This article is by Nikolay Laptev, Slawek Smyl, and Santhosh Shanmugam.
At Uber, event forecasting enables us to future-proof our services based on anticipated user demand. The goal is to accurately predict where, when, and how many ride requests Uber will receive at any given time.
Extreme events—peak travel times such as holidays, concerts, inclement weather, and sporting events—only heighten the importance of forecasting for operations planning. Calculating demand time series forecasting during extreme events is a critical component of anomaly detection, optimal resource allocation, and budgeting.
Although extreme event forecasting is a crucial piece of Uber operations, data sparsity makes accurate prediction challenging. Consider New Year’s Eve (NYE), one of the busiest dates for Uber. We only have a handful of NYEs to work with, and each instance might have a different cohort of users. In addition to historical data, extreme event prediction also depends on numerous external factors, including weather, population growth, and marketing changes such as driver incentives.
A combination of classical time series models, such as those found in the standard R forecast package, and machine learning methods are often used to forecast special events. These approaches, however, are neither flexible nor scalable enough for Uber.
In this article, we introduce an Uber forecasting model that combines historical data and external factors to more precisely predict extreme events, highlighting its new architecture and how it compares to our previous model.
Creating Uber's new extreme event forecasting model:
Over time, we realized that in order to grow at scale we needed to upgrade our forecasting model to accurately predict extreme events across Uber markets.
We ultimately settled on conducting time series modeling based on the Long Short Term Memory (LSTM) architecture, a technique that features end-to-end modeling, ease of incorporating external variables, and automatic feature extraction abilities.4 By providing a large amount of data across numerous dimensions, an LSTM approach can model complex nonlinear feature interactions.
After choosing our architecture, we assessed the data backlog we required to train our model, demonstrated below:
Forecasting for extreme events can be difficult because of their infrequency. To overcome this data deficiency, we decided to train a single, flexible neural network to model data from many cities at once, which greatly improved our accuracy.

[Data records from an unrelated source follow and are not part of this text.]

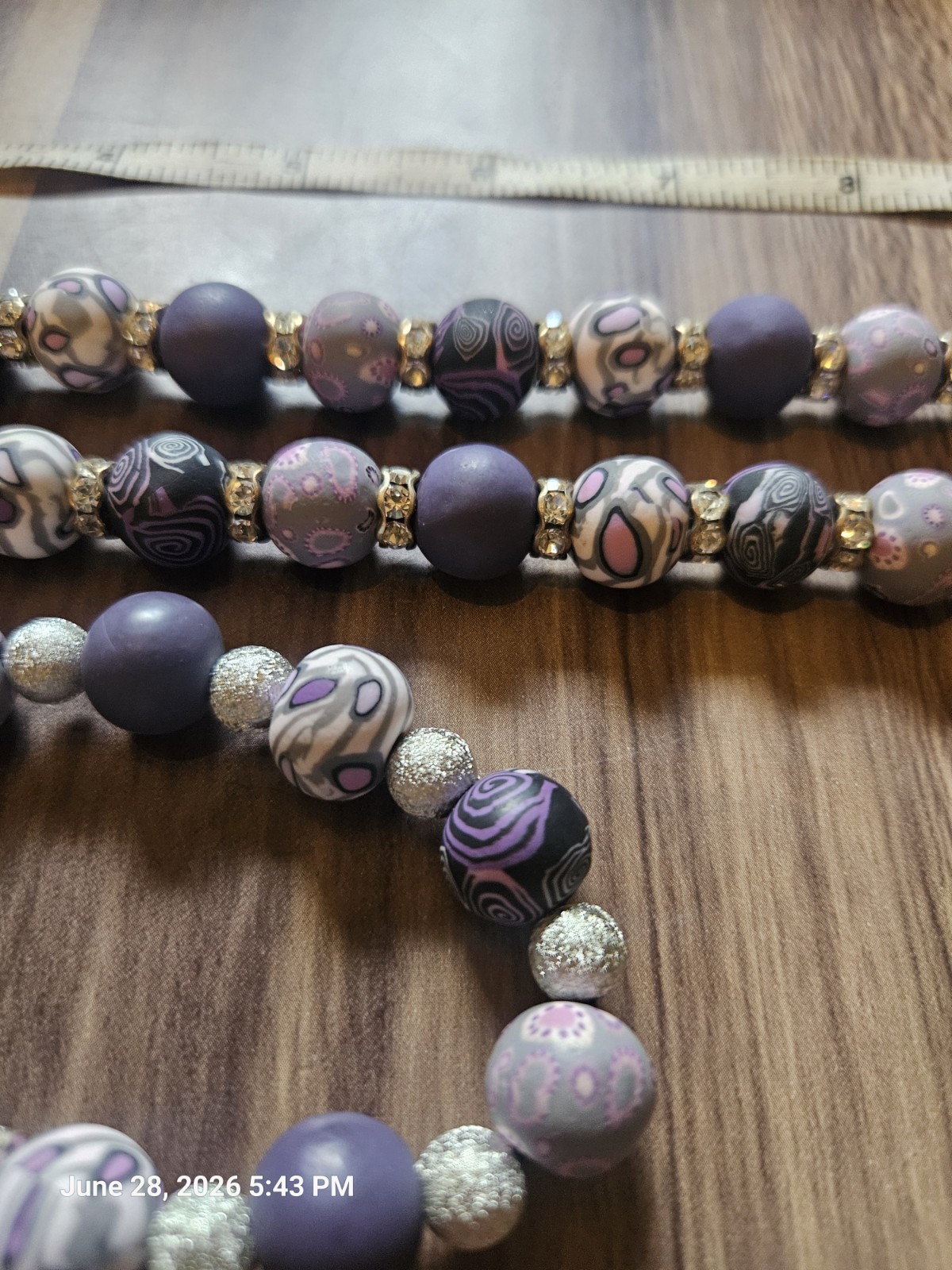 Donna Sharp Necklace And Bracelet Set Jewelry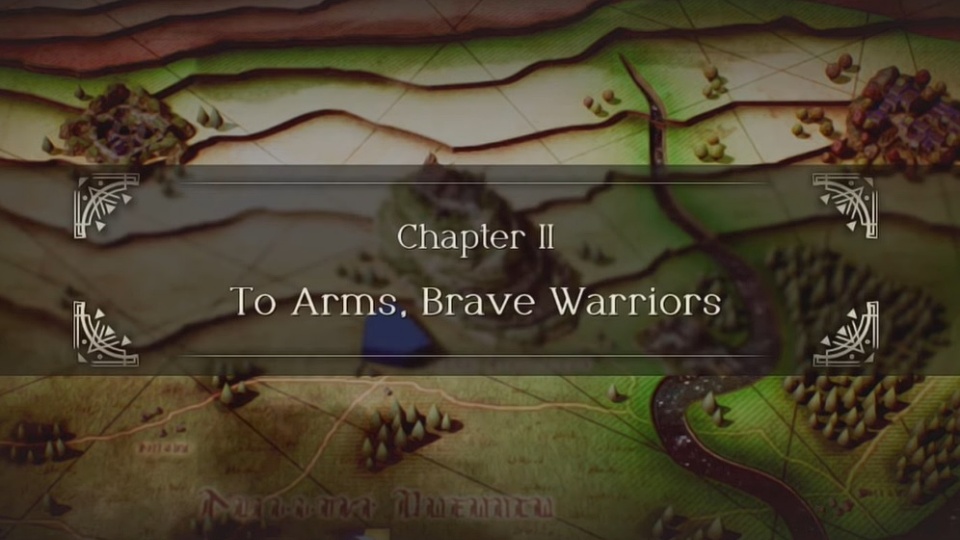 Triangle Strategy - Chapter 2: To Arms, Brave Warriors Walkthrough and Guide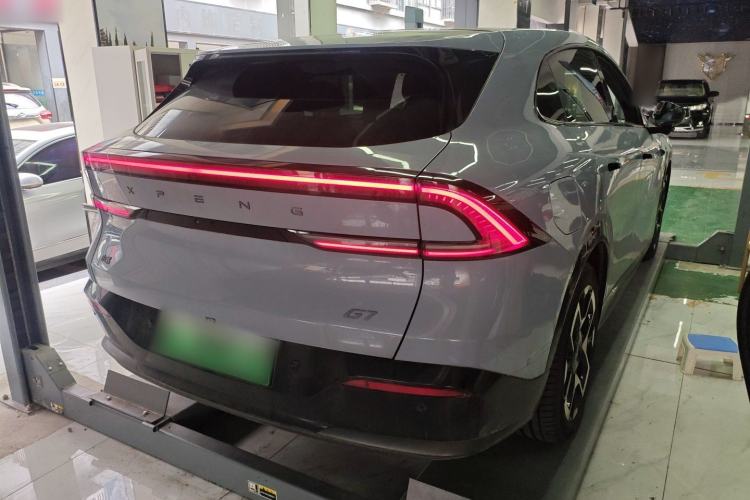 Used XPeng G7 2025 702 Max Rear Right 45 Deg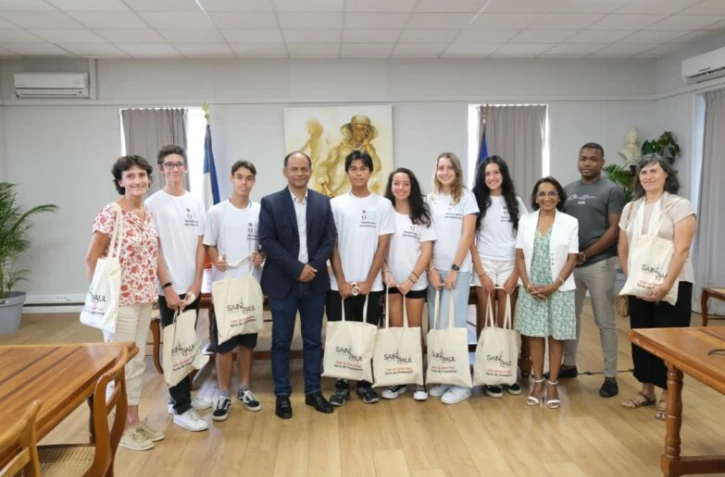 6 lycéens saint-paulois participeront aux Jeux Internationaux de la jeunesse à Pau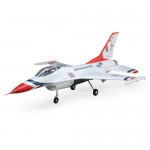 [E-FLITE(Blade)] F-16 813mm Thunderbirds 70mm EDF Jet BNF Basic with AS3X and SAFE Select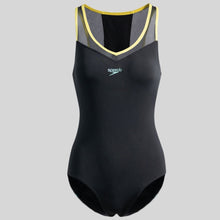 Load image into Gallery viewer, Hero 6.0 V Neck 1 PC Adult Female (Black/Yellow)
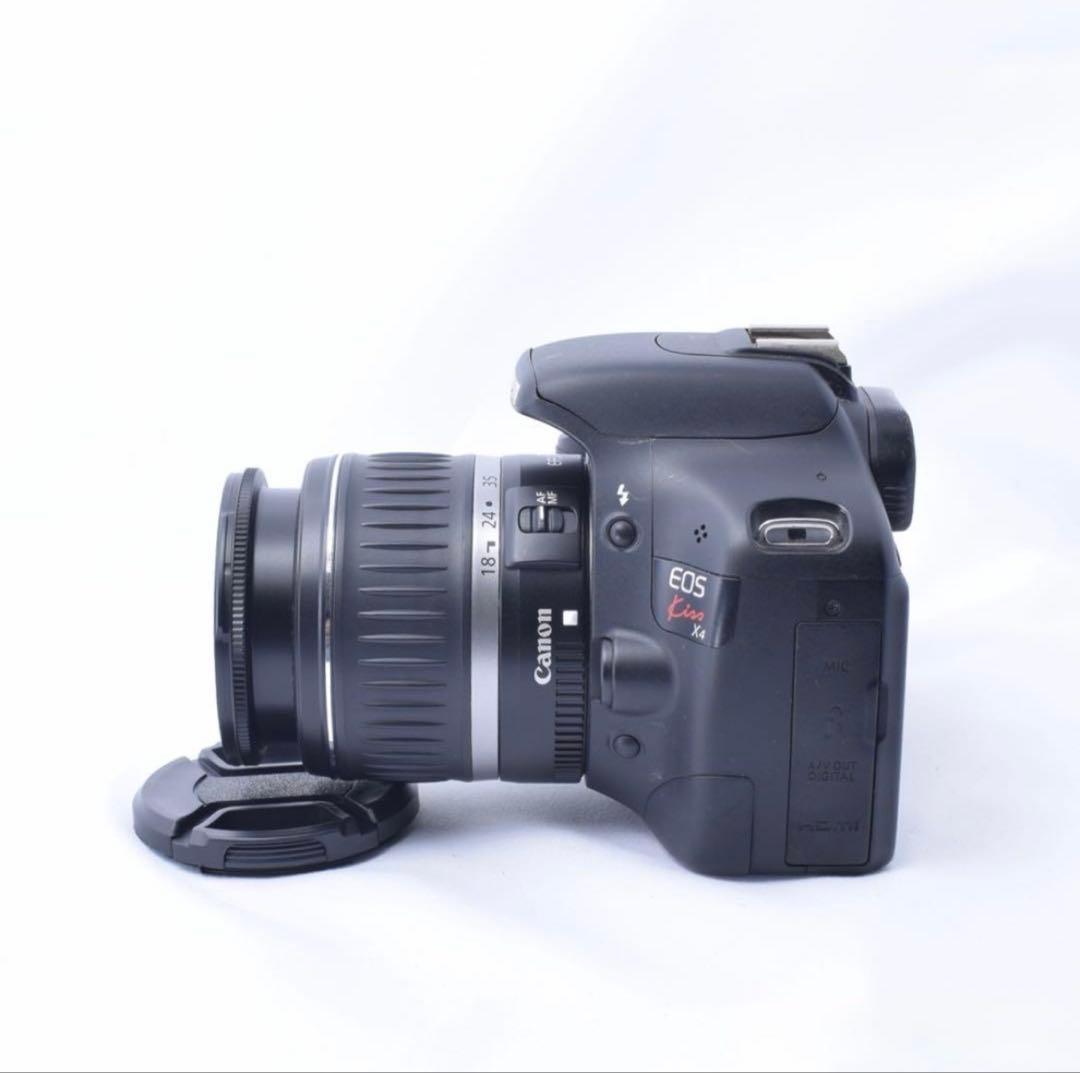 ✨美品✨Canon Kiss X4 すぐ使える❣️標準レンズセット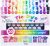 Tulip One-Step 15-Color Tie-Dye Party Kit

Building a new architecture with neural networks:
Our goal was to design a generic, end-to-end time series forecasting model that is scalable, accurate, and applicable to heterogeneous time series. To achieve this, we used thousands of time series to train a multi-module neural network.
We measured and tracked raw external data to build this neural network, demonstrated below:
This raw data was used in our training model to conduct simple preprocessing, including log transformation, scaling, and data detrending.